Please don't take TIOBE too seriously. Checking search engines for instances of "language-name programming" as some sort of indicator of popularity isn't very meaningful.

Andy Lester
Do you think it is possible then that Ruby is more active than those languages it is below? Delphi or C# perhaps?
OscarRyz
+2  A: 

Regardless of any real numbers, one thing I do know: When I go to look for a Ruby library for something I'm working on, I find something satisfactory over 90% of the time. And for some of the remaining 10%, it isn't that hard to write something myself.

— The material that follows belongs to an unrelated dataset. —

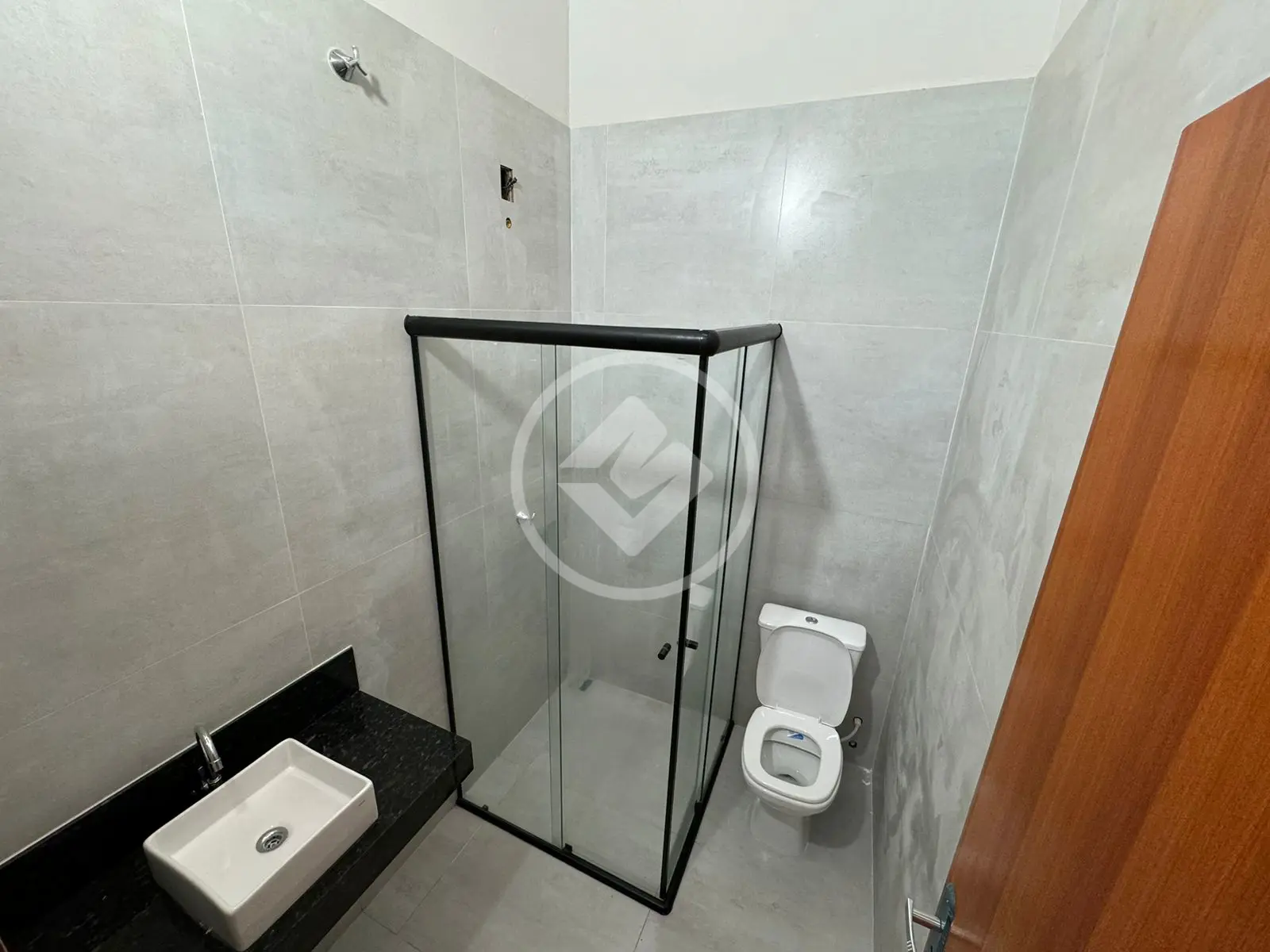 Casa 2 quartos no Parque Residencial Buriti, Rondonópolis — foto 6 de 6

I do believe that 90% figure will rise over the next few years, too.

If I get what I need, I don't really care whether PHP or Python or C# has sixty bajillion applications and libraries written for them. :)

Pistos
+1  A: 

I find Ruby very attractive in several ways, but it has some issues holding it back.

The biggest I think is that Python already covers much of the same ground, has a larger library of projects, and thusfar better performance.

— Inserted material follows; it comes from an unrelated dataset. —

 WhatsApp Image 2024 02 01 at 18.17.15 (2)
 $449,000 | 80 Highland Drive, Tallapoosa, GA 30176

The other main problem I've had is also the thing that keeps it so popular: Rails. I think there are a lot of people that don't even think of Ruby as a standalone language. While I appreciate that Rails is supposed to be pretty great, it is not anything I deal with, and thus I get annoyed at having to wade through so much discussion of Rails to find an answer to a question in Ruby as a standalone language.

One last thing that has made me skittish about it is the 'more than one way to do it' philosophy it shares with Perl. I was not a fan of that.

It is really a matter of their already being a few hammers around, and Ruby's main distinguishing feature that most people tout currently is Rails.